■ Information shown
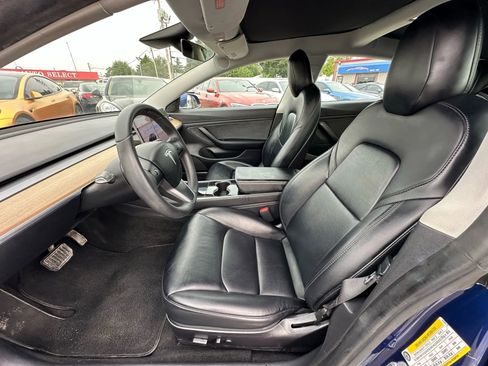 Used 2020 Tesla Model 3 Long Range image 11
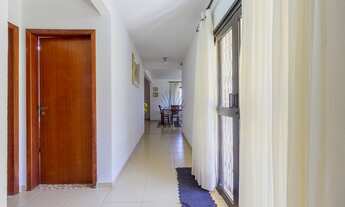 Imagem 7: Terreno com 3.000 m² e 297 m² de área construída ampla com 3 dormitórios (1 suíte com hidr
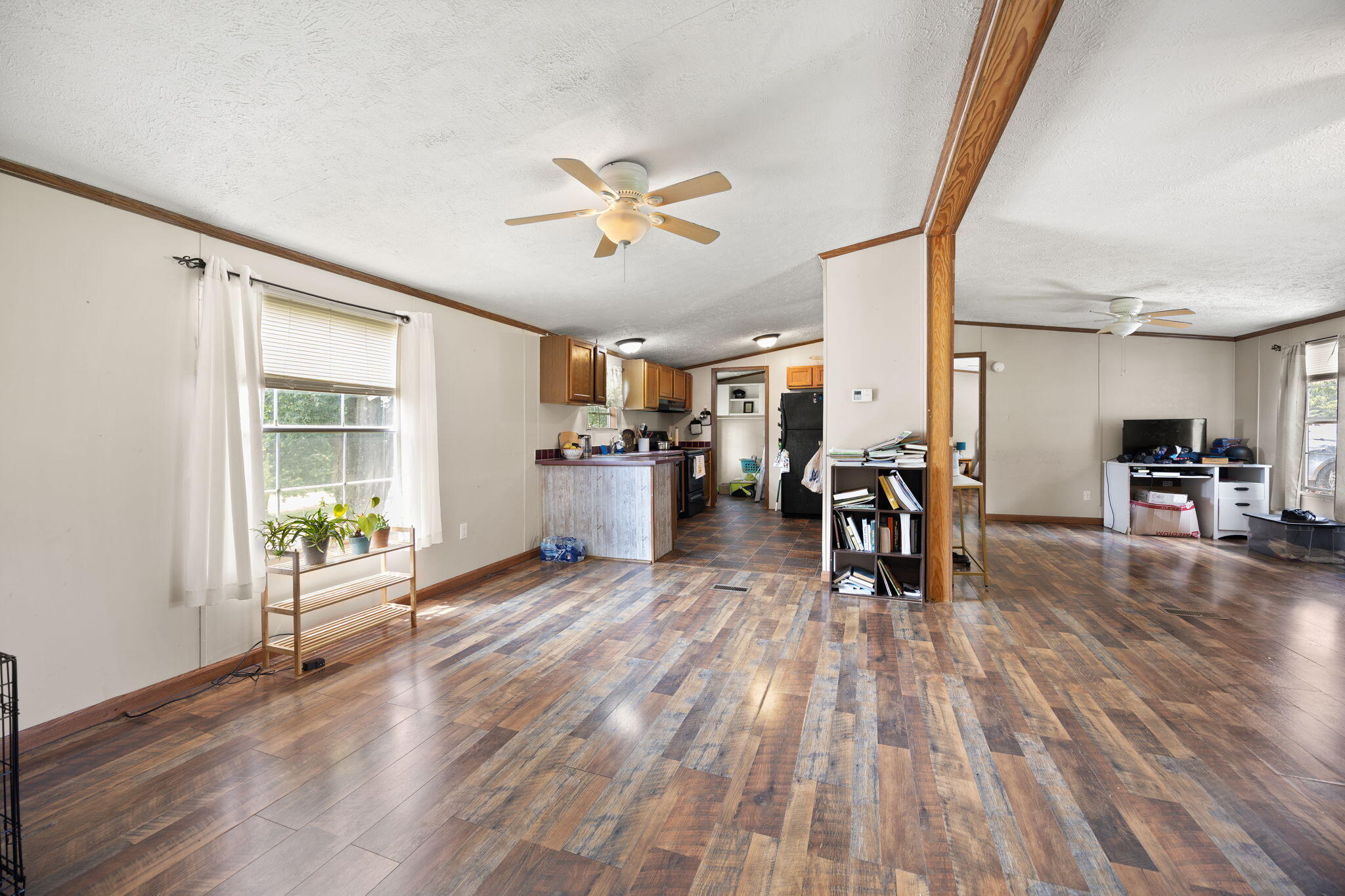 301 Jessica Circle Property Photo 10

■ Exercise description
All of the data, minus its pictures, should be repeated exactly.

■ Solution for this task
 Used 2020 Tesla Model 3 Long Range image 11
 Imagem 7: Terreno com 3.000 m² e 297 m² de área construída ampla com 3 dormitórios (1 suíte com hidr
 301 Jessica Circle Property Photo 10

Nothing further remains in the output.